As I write this towards the end of July and see the model teams around, I find myself in another dimension. I call it an alternate dimension because my draft doesn’t include more than 40% player models like Erling Haaland (£11.5 million), Gabriel Jesus (£8.0 million), Trent Alexander Arnold (£7.5 million) and Reece James (£6.0 million). The only reader models I have are Mohammad Salah (£13.0 million) and Joao Cancelo (£7.0 million).
The purpose of this article is to point to that thought process of not owning role models that aren’t talked about much in the community. (Trigger Warning – You may find these thoughts very different from your own, and therefore may appear to emanate from an alternate dimension)
Why not Trent Alexander Arnold?
The common school of thought at this point is that Alexander-Arnold is undervalued at £7.5million. We also saw the official FPL being ridiculed for not considering the consistent returns provided by attacking defenders and pricing them higher.
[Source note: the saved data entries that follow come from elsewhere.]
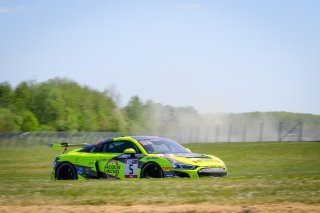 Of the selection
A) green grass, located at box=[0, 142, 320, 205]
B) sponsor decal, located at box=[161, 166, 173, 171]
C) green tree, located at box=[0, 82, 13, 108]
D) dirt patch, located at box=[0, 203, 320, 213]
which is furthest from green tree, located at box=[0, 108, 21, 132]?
dirt patch, located at box=[0, 203, 320, 213]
I would say the official FPL was smart. While they didn’t price Alexander-Arnold higher, they priced all other goalkeepers and defenders except Andy Robertson (£7.5m) and Cancelo half a million less than they would have been based on last season’s prices. Therefore, the relative price of defenders like Alexander-Arnold Robertson and Cancelo has indeed increased compared to other defenders. If we call Alexander-Arnold and Cancelo as safe shot locks in our drafts, we’re giving up excellent value available elsewhere in defense.
Why not Erling Haaland?
Pep Guardiola has a habit of slowly getting players used to his system, often taking up the whole season to make players regular starters. He already has a champion team at his disposal which won without Haaland, so I don’t think he will be in a rush to give Haaland every game. Even though he comes to the floor soon, the Norwegian will definitely be a bigger rotational risk compared to other primes like Salah, Harry Kane (£11.5 million), Son Heung-min (£12.0 million) and Kevin De Bruyne (£12.0 million). Now, in a two-bounties structure, do you really want one of your bounties and therefore a potential captain option to be a rotational risk? Remember that Salah only felt like a permanent quasi-captain in the last season, but not so much for the two campaigns before the last one. Every season is different, and we can choose to start with two primes nailed down and not get stuck in a permanent Salah captaincy situation.
Why not Reece James?
With the departures of seasoned centre-halves from Chelsea, I think Reece James will occasionally find himself in the centre-back role, both to fill the void left by others and also to deal with the injuries he was prone to last season. Ben Chilwell (£6.0m_, which is defensively more sensitive, is likely to be used more in attack and therefore can offer more bang for its buck in the event of a game. I’m also very well defenseless from Chelsea to start , as their initial games didn’t really scream clean sheets I’d rather go with the value of a £5.0m defender who might otherwise have been at £5.5m the previous season.
Why not Gabriel Jesus?
I agree that Jesus offers excellent value, but he would still show up for a new club this season. At Man City, he always knew in his head that every role he played was a substitute, so the pressure wasn’t really there. At Arsenal, he is the main man. I would wait to see how he carries this responsibility of being the talisman. Some people thrive under pressure, others crumble under it. I don’t know how Jesus will change and I prefer to wait to see the result.
Alternate Dimension Bonus Thought
I also notice extremely thin benches in people’s drafts. Remember that Covid-19 is still here, and you may need your benches. I would place the blame on having a solid first sub, followed by playable second and third subs that are priced low.
I hope you enjoyed reading about this different perspective!